Lot 19

DUNCAN GRANT (BRITISH 1885-1978) §
STILL LIFE - FLOWERS, c.1930s





Auction: MODERN MADE | Lots 1 - 422 | Fri 01 May at 10am
Description
oil on canvas
Dimensions
66cm x 61cm (26in x 24in)
Provenance
The Fine Art Society, London;
Private Collection, U.K.
Footnote
Although born in Rothiemurchus in Scotland’s Cairngorms National Park, Grant is inextricably bound within English art history as a core member of the famed artistic and literary Bloomsbury Group. Indeed, fellow member, the writer Lytton Strachey, was his cousin. After training at the Slade School of Fine Art for just a single term, Grant attended the Académie de la Palette in Paris between 1906 and 1907. Five years later his work was selected by the artist, critic and ‘Bloomsburyite’ Roger Fry for inclusion in his landmark Second Post-Impressionist Exhibition, staged in London in 1912.
In 1916, Grant moved to Charleston farmhouse, near Lewes in east Sussex, with his partner, the writer and publisher David Garnett, the artist Vanessa Bell and her sons with the critic and art historian Clive Bell, namely Julian and Quentin.

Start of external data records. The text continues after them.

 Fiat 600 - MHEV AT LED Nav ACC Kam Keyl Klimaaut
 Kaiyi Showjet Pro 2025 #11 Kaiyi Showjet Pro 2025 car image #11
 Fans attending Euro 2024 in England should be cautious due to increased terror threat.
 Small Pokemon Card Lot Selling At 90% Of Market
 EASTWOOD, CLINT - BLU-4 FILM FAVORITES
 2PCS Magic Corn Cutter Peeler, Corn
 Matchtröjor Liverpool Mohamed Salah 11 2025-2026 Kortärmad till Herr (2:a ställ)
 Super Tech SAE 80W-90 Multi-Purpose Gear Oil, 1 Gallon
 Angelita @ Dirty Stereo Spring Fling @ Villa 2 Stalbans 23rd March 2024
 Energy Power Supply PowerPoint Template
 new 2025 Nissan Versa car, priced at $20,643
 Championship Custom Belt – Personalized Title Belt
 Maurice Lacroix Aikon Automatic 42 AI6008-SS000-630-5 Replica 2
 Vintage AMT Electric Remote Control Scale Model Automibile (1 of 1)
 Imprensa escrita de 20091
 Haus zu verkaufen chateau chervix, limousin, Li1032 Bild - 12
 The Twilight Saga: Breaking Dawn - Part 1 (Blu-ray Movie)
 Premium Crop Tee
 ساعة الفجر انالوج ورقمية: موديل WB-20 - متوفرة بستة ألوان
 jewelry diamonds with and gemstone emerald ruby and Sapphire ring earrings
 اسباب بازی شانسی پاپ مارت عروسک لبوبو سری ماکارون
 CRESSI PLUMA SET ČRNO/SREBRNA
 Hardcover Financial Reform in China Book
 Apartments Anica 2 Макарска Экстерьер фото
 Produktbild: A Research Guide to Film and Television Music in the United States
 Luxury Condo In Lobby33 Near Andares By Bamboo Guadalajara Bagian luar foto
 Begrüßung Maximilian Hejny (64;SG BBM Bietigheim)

It was to remain Grant and Bell’s home for the rest of their lives and is now open to the public as a centre of excellence for the legacy of the Bloomsbury Group and their associates.
Still Life – Flowers dates from the 1930s, during the interwar heyday of Charleston when many of the twentieth century’s most progressive artists, thinkers and writers gathered there. Grant and Bell transformed the house and garden into ‘a living, breathing work of art’, painting almost every available surface indoors, where progressive social and artistic ideals could be formulated and lived. (see www.charleston.org.uk/house/). During that decade, Grant’s work was shown regularly in London and he received multiple solo exhibitions including those held at the Lefevre Gallery and Agnew’s. His reputation spread internationally and he was represented in the Venice Biennale of 1932 and at the 1939 World’s Fair in New York. (see Douglas Blair Turnbaugh, Duncan Grant and the Bloomsbury Group: An Illustrated Biography, London, 1987, p.63)
In the midst of this heady creative environment, which was enriched by frequent travel on the Continent, Grant created paintings such as Still Life – Flowers during ‘one of the most productive periods’ in his life. (Frances Spalding, Duncan Grant: A Biography, London, 1998, p.325). Grant’s ebullient treatment – in palette as well as brushstrokes – of his floral subject matter infuses the painting with naturally-lit positivity. The statuesque, plain vase allows the focus to be on the asymmetrical arrangement which emerges from its neck. Stems weighed down by blooming flower heads, combinations of contrasting forms and colours and a freely painted, suggestive background are deftly brought together in a fine example of the still life genre by one of Britian’s most celebrate artists of the last century.